For each high-level production task, the production manager creates a transformation.
Each transformation can have different parameters. The main parameters of a Transformation are the following:

- Type (*e.g.* Simulation, DataProcessing, Removal, Replication)
- Plugin (Standard, BySize, etc.)
- The possibility of having Input Files.

Within the TS a user can (for example):

- Generate several identical tasks, differing by few parameters (e.g. Input Files list)
- Extend the number of tasks
- have one single high-level object (the Transformation) associated to a given production for global monitoring

Disadvantages:

- For very large installations, the submission may be perceived as slow, since there is no use (not yet) of Parametric jobs.

  .. versionadded:: v6r20p3
     Bulk submission of jobs is working for the transformations, so job submission can be sped up considerably.

Several improvements have been made in the TS to handle scalability, and extensibility issues.
While the system structure remains intact, "tricks" like threading and caching have been extensively applied.

It's not possible to use ISB (Input Sandbox) to ship local files as for 'normal' Jobs (this should not be considered, anyway, a disadvantage).

------------
Architecture
------------

The TS is a standard DIRAC system, and therefore it is composed by components in the following categories: Services, DBs, Agents.
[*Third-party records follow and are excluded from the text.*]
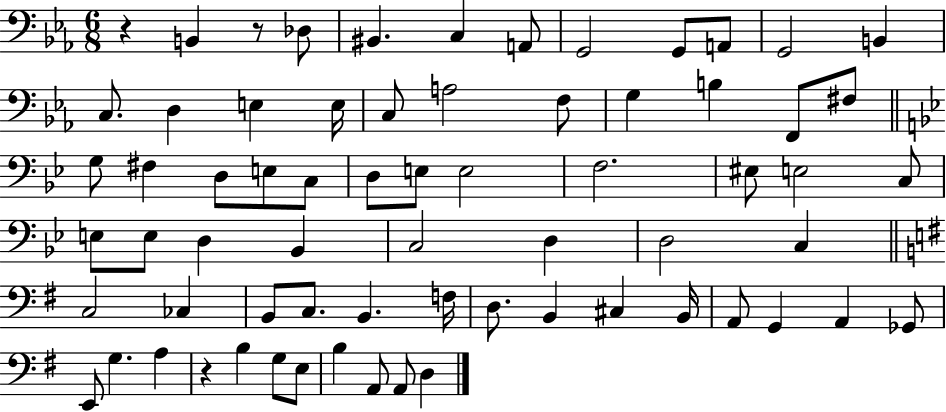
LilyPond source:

{
  \clef bass
  \numericTimeSignature
  \time 6/8
  \key ees \major
  r4 b,4 r8 des8 | bis,4. c4 a,8 | g,2 g,8 a,8 | g,2 b,4 | \break c8. d4 e4 e16 | c8 a2 f8 | g4 b4 f,8 fis8 | \bar "||" \break \key bes \major g8 fis4 d8 e8 c8 | d8 e8 e2 | f2. | eis8 e2 c8 | \break e8 e8 d4 bes,4 | c2 d4 | d2 c4 | \bar "||" \break \key e \minor c2 ces4 | b,8 c8. b,4. f16 | d8. b,4 cis4 b,16 | a,8 g,4 a,4 ges,8 | \break e,8 g4. a4 | r4 b4 g8 e8 | b4 a,8 a,8 d4 | \bar "|."
}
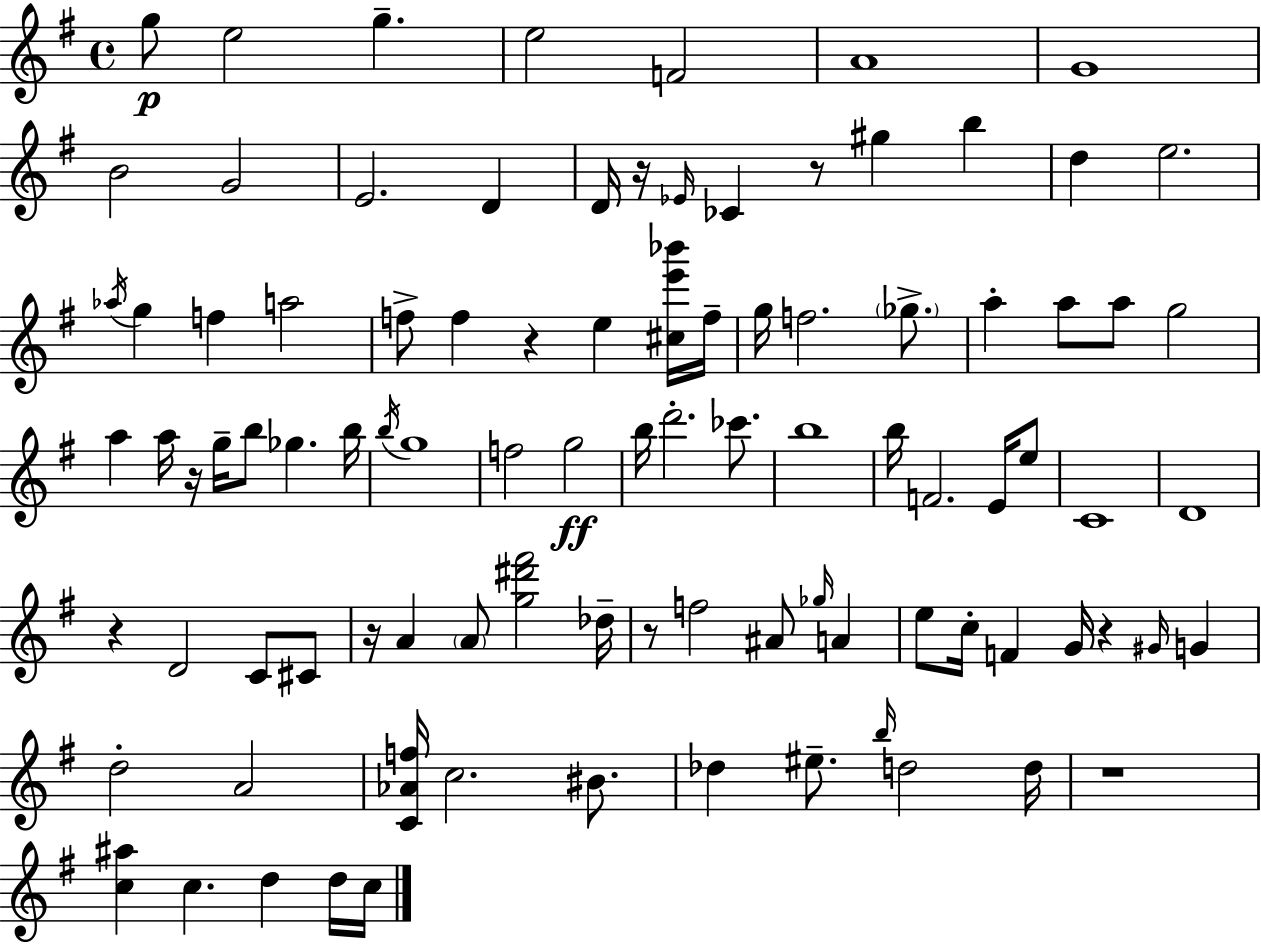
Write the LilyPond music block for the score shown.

{
  \clef treble
  \time 4/4
  \defaultTimeSignature
  \key e \minor
  g''8\p e''2 g''4.-- | e''2 f'2 | a'1 | g'1 | \break b'2 g'2 | e'2. d'4 | d'16 r16 \grace { ees'16 } ces'4 r8 gis''4 b''4 | d''4 e''2. | \break \acciaccatura { aes''16 } g''4 f''4 a''2 | f''8-> f''4 r4 e''4 | <cis'' e''' bes'''>16 f''16-- g''16 f''2. \parenthesize ges''8.-> | a''4-. a''8 a''8 g''2 | \break a''4 a''16 r16 g''16-- b''8 ges''4. | b''16 \acciaccatura { b''16 } g''1 | f''2 g''2\ff | b''16 d'''2.-. | \break ces'''8. b''1 | b''16 f'2. | e'16 e''8 c'1 | d'1 | \break r4 d'2 c'8 | cis'8 r16 a'4 \parenthesize a'8 <g'' dis''' fis'''>2 | des''16-- r8 f''2 ais'8 \grace { ges''16 } | a'4 e''8 c''16-. f'4 g'16 r4 | \break \grace { gis'16 } g'4 d''2-. a'2 | <c' aes' f''>16 c''2. | bis'8. des''4 eis''8.-- \grace { b''16 } d''2 | d''16 r1 | \break <c'' ais''>4 c''4. | d''4 d''16 c''16 \bar "|."
}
A technical drawing explaining the interactions between the various components follow.

.. image:: ../../../_static/Systems/TS/TS-technical.png
   :alt: Transformation System schema.
   :align: center

* **Services**

  * TransformationManagerHandler:
    DISET request handler base class for the TransformationDB

* **DB**

  * TransformationDB:
    it's used to collect and serve the necessary information in order to automate the task of job preparation for high level transformations. This class is typically used as a base class for more specific data processing databases. Here below the DB tables:

  ::

      mysql> use TransformationDB;
      Database changed
      mysql> show tables;
      +------------------------------+
      | Tables_in_TransformationDB   |
      +------------------------------+
      | AdditionalParameters         |
      | DataFiles                    |
      | TaskInputs                   |
      | TransformationFileTasks      |
      | TransformationFiles          |
      | TransformationInputDataQuery |
      | TransformationLog            |
      | TransformationTasks          |
      | Transformations              |
      +------------------------------+


  **Note** that since version v6r10, there are important changes in the TransformationDB, as explained in the `release notes <https://github.com/DIRACGrid/DIRAC/wiki/DIRAC-v6r10#transformationdb>`_ (for example the Replicas table can be removed). Also, it is highly suggested to move to InnoDB. For new installations, all these improvements will be installed automatically.

* **Agents**

  * TransformationAgent: it processes transformations found in the TransformationDB and creates the associated tasks, by connecting input files with tasks given a plugin. It's not useful for MCSimulation type

  * WorkflowTaskAgent: it takes workflow tasks created in the TransformationDB and it submits to the WMS. Since version `v6r13 <https://github.com/DIRACGrid/DIRAC/wiki/DIRAC-v6r13#changes-for-transformation-system>`_  there are some new capabilities in the form of TaskManager plugins.

  * RequestTaskAgent: it takes request tasks created in the TransformationDB and submits to the RMS. Both RequestTaskAgent and WorkflowTaskAgent inherits from the same agent, "TaskManagerAgentBase", whose code contains large part of the logic that will be executed. But, TaskManagerAgentBase should not be run standalone.

  * MCExtensionAgent: it extends the number of tasks given the Transformation definition. To work it needs to know how many events each production will need, and how many events each job will produce. It is only used for 'MCSimulation' type

  * TransformationCleaningAgent: it cleans up the finalised Transformations

  * InputDataAgent: it updates the transformation files of active Transformations given an InputDataQuery fetched from the Transformation Service

  * ValidateOutputDataAgent: it runs few integrity checks prior to finalise a Production.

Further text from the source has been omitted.